Was dat beslag nou inmiddels gelegd? vroeg de cliënte. Er was haast bij, het onroerend goed zou spoedig worden verkocht. Ze ging erachteraan, zei mr. X. Een maand later zei ze dat ze het beslagrekest bij de centrale balie van de rechtbank had afgegeven. Twee weken daarna: ik ga langs de rechtbank en zal eens informeren bij degene die het rekest in behandeling heeft. Twee weken daarna: de toestemming is verleend, de deurwaarder kan elk moment beslag leggen.
Een paar maanden later stuurde mr. X de cliënte een concept ‘verzoekschrift betreffende vordering onrechtmatig handelen’. De cliënte keurde het binnen een dag goed. Ruim drie weken later meldde mr. X dat zij het verzoekschrift had ingediend. Kort daarop meldde ze dat ze het naar de deurwaarder en de rechtbank had gestuurd. Vervolgens dat de rechtbank om verhinderdata vroeg. Alleen: ze had een dagvaardingsprocedure moeten beginnen, en was het wel waar wat ze schreef? Later schreef mr. X de rechtbank zelf dat ze nooit iets op haar verzoekschrift had vernomen en uit dossieronderzoek bleek dat er geen verzoekschrift naar het juiste faxnummer van de rechtbank was gegaan.
Cliënte klaagt: mr. X heeft haar belangen verwaarloosd, haar willens en wetens op het verkeerde been gezet en de rechtbank in haar leugens betrokken.
Mr. X erkent dat ze ondermaats heeft gepresteerd, maar ze had driemaal een TIA gehad en was daardoor ‘heel veel kwijt [..] geraakt in haar geheugen’. Inmiddels ging het beter met haar en had ze orde op zaken gesteld.
Onkundig
De tuchtrechter vindt dat mr. X totaal onkundig heeft gehandeld. De rechter aanschrijven als je de wederpartij wil aanspraken op niet-nakoming? De desbetreffende procedure beginnen met een ‘verzoekschrift betreffende vordering onrechtmatig handelen’? En dan die onwaarschijnlijke beweringen: telkens in persoon bij de rechtbank gaan communiceren over je beslagrekest? En de uitvluchten, het dralen…

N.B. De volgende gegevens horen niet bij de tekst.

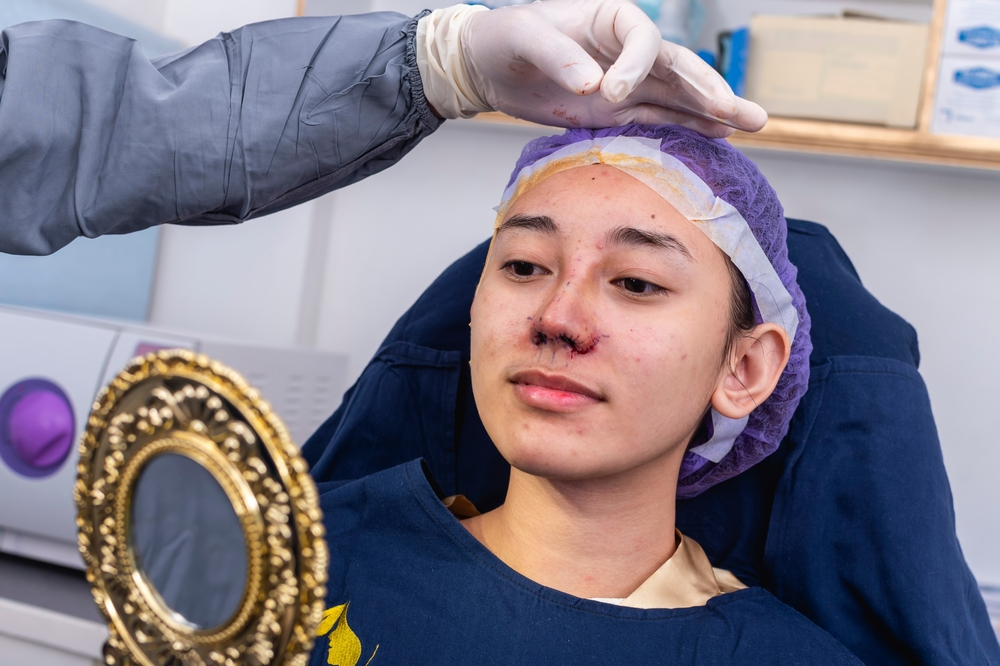 Woman doing rhinoplasty singapore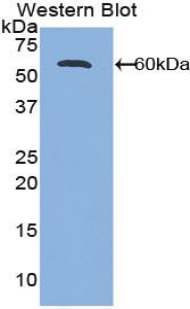 ALCAM / CD166 Antibody - Western blot of recombinant ALCAM / CD166.  This image was taken for the unconjugated form of this product. Other forms have not been tested.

Ook op de zitting bleef mr. X draaien en legde ze de schuld deels bij anderen.
Voor de raad van discipline is het duidelijk. Mr. X had gefaald in de kernwaarden deskundigheid en integriteit. Als het waar was van die TIA’s had ze de zaak over moeten dragen, niet doorrommelen ten koste van de cliënt. Dit alles, plus haar tuchtrechtelijk verleden, plus een vergelijkbare zaak waarin op dezelfde dag werd beslist, leidden tot een schrapping in deze en die andere zaak. Maar mr. X kan nog in appel.